WORK REQUIRED: Using the data that follows, state the number of lines holding the word "steel", and give no other output.

GIVEN DATA:
────────────────────

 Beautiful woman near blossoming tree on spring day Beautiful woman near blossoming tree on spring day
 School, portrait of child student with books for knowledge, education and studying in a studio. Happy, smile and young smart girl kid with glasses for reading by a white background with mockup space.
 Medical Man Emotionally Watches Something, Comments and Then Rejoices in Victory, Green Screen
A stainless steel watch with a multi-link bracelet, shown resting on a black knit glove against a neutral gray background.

────────────────────

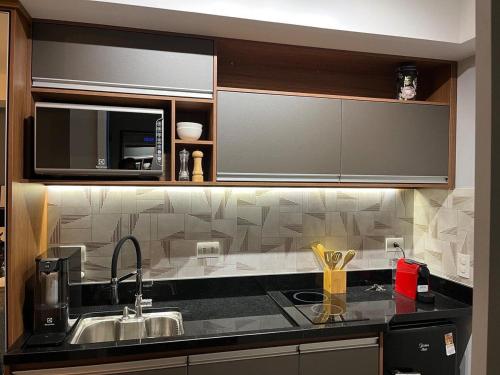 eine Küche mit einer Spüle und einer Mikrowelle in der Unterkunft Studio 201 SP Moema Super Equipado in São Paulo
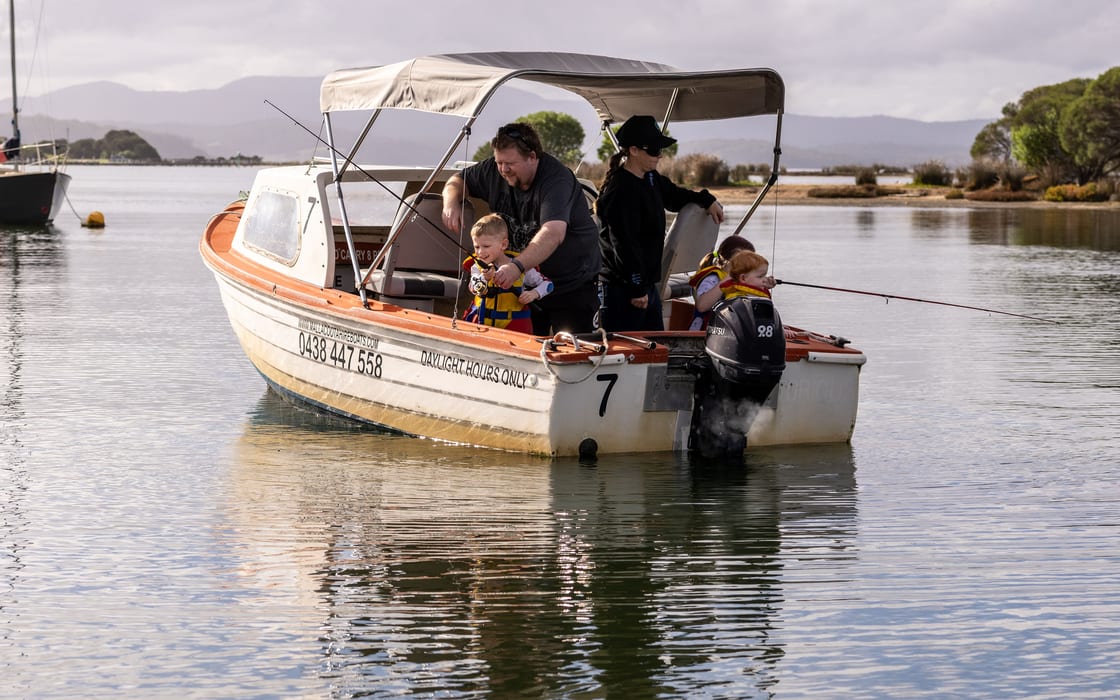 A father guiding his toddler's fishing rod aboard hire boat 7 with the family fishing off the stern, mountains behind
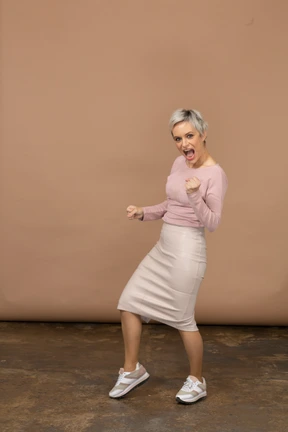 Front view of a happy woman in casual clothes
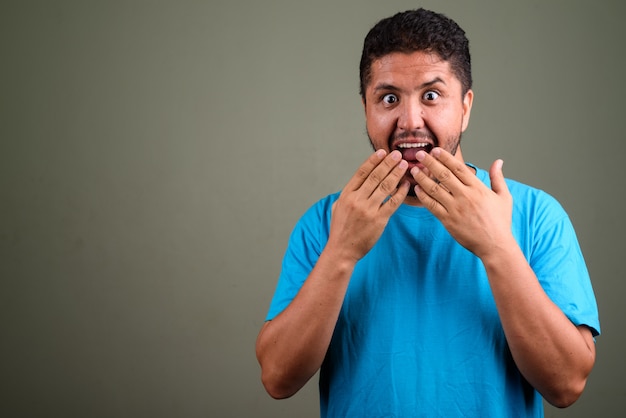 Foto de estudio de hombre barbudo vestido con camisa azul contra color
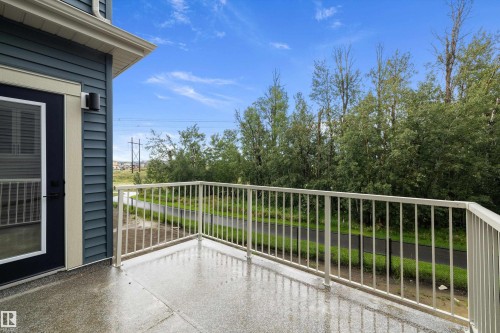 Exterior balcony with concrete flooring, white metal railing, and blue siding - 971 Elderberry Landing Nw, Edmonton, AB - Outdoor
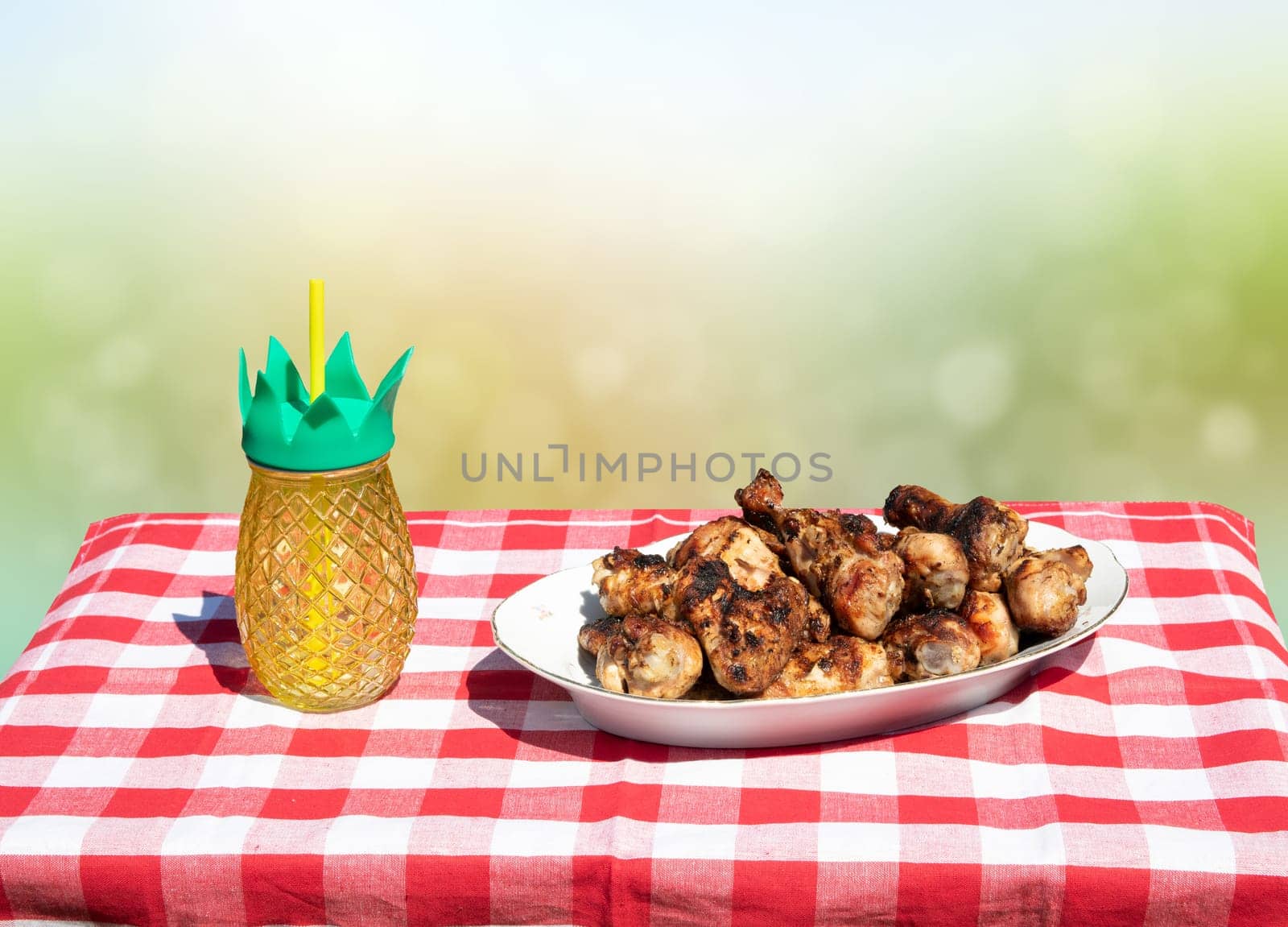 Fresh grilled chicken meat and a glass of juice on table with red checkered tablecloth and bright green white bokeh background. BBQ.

────────────────────

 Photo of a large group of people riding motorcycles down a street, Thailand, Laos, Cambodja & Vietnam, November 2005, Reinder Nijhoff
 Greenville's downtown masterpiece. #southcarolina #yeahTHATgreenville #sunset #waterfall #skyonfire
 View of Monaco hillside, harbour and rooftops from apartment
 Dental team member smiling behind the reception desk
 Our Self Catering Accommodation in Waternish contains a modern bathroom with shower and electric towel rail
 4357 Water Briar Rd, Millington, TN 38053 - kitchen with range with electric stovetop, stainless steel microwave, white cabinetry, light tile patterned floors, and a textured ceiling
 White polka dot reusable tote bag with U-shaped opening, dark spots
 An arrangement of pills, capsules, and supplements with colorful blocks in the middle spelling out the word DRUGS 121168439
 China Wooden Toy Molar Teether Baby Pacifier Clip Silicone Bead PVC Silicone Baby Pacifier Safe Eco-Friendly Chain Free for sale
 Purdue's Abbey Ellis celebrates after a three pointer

────────────────────

RESULT FOR THIS EXERCISE: 2